### Information shown

---

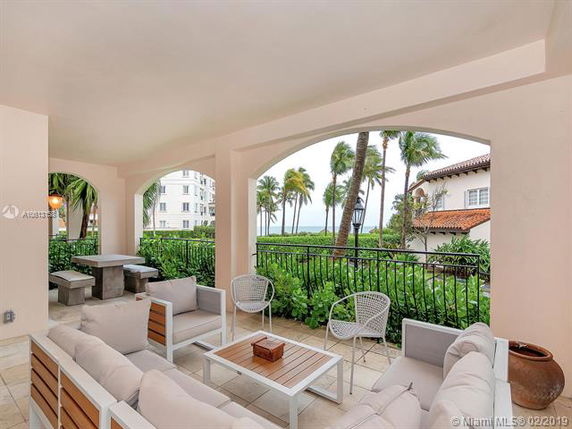 Outdoor seating area with views of palm trees and nearby buildings.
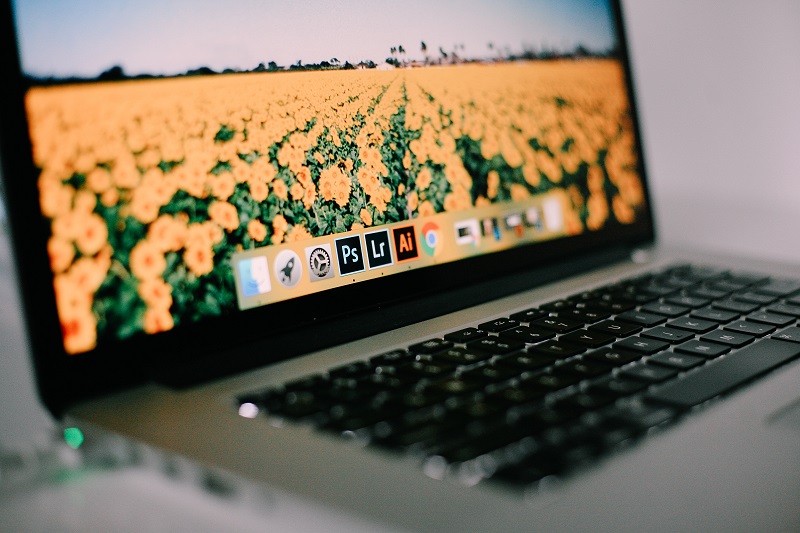 A laptop with flowers on the screen.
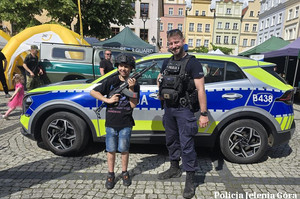 policjant z chłopcem trzymającym w ręce broń i w kasku obok radiowozu podczas festynu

---

### What you need to do
Omit the pictures, then copy out all the data exactly as it stands.

### The completed task
 Outdoor seating area with views of palm trees and nearby buildings.
 A laptop with flowers on the screen.
 policjant z chłopcem trzymającym w ręce broń i w kasku obok radiowozu podczas festynu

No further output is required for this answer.